Identifying a clear value proposition is key to attracting and sustaining interest from buyers. Five years ago, purchasers may have entertained a ‘left of field’ candidate, with various revenue streams diversified around a core. Now, with the need to reduce cost and mitigate risk, the qualification criteria are more brutal.

Buyers have neither the time nor the inclination to understand revenue streams that are derived on the hoof or ad hoc to a firm’s principle strategy. Multiple and varied revenue streams introduce unnecessary complexity and additional risk.

It is essential to be able to articulate your value proposition succinctly and persuasively. That said, having successfully made it onto a buyer’s short list, an acquirer will spend more time on detailed diligence and understanding the value chain of your business.

More on securing an exit:

Big boys

This isn’t just true for small growth companies. Far bigger companies have benefited from focusing on what they’re good at, doing it well and doing it lots of times.

Apple has grown to be the world’s largest tech firm by market capitalisation.
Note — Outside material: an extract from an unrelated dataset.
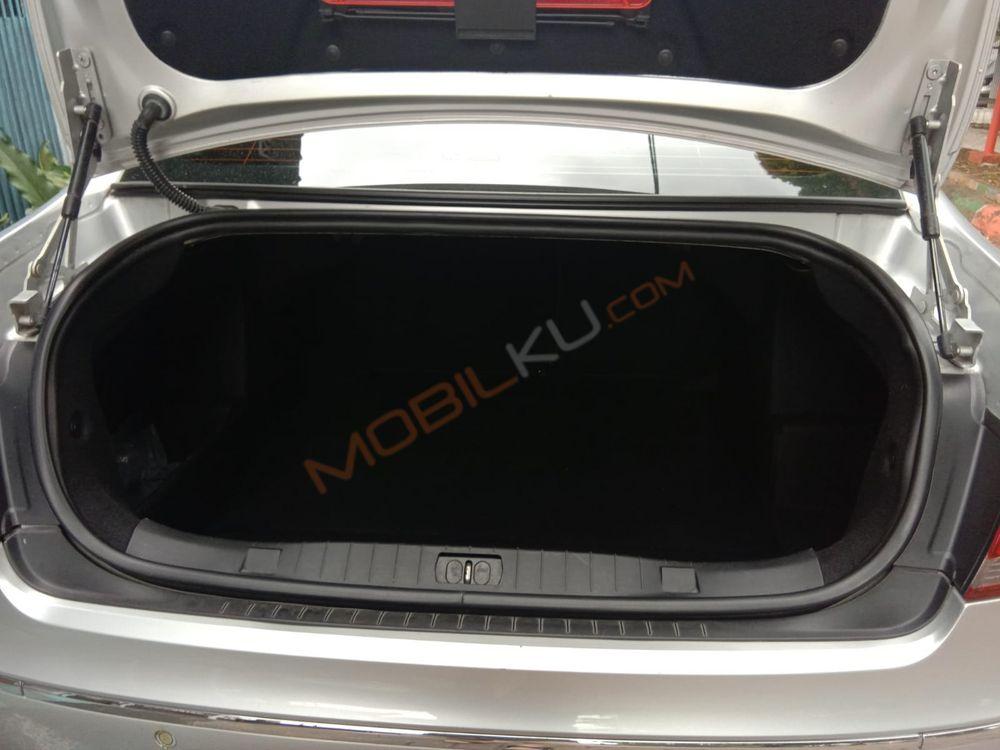 Mobil Peugeot 408 2012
Its strategy, through maintaining an innovative focus, has proved unwavering, ruthless and highly effective. Microsoft’s digital advertising and other tangential revenue streams – significant forays from their core software business – has proved less effective.

As part of more in-depth diligence, potential buyers may well want to interview a firm’s clients in advance of any formal process. We often see situations where the vendor and potential buyer have divergent views on why clients buy a particular service.

When considering positioning your firm for a sale or investment, take the time to understand what really drives your clients to use your services. Again, this will be a crucial element of building and articulating the value proposition.

Think hard about retaining the right type of adviser. Clarity is headed by three entrepreneurs and we understand the pressures, challenges and joy of running our own business. We spend a lot of our time advising people not to sell, but to work hard on bringing focus to their story. To this end, make sure you hire advisers who understand you, your business and your market. This is especially true in the media and technology sectors where an investment in the right advice will ensure an appropriate valuation.

Although important to mitigate any risk to an exit (particularly in the current economic climate), it is just as important to ensure that you capture the upside.

You must be able to clearly explain your value proposition, understand why clients buy your services and engage advisors who will work with you to both articulate and maximise the value in your business – be that in anticipation of an exit, a route to investment or merely honing your strategic focus. These elements will provide a head start towards achieving a successful transaction.

Hunter Ruthven

Hunter Ruthven

Hunter Ruthven graduated from the university of Sussex in geography and politics before joining Vitesse Media. He was the Editor for GrowthBusiness.co.uk from 2012 to 2014, before moving on to Caspian...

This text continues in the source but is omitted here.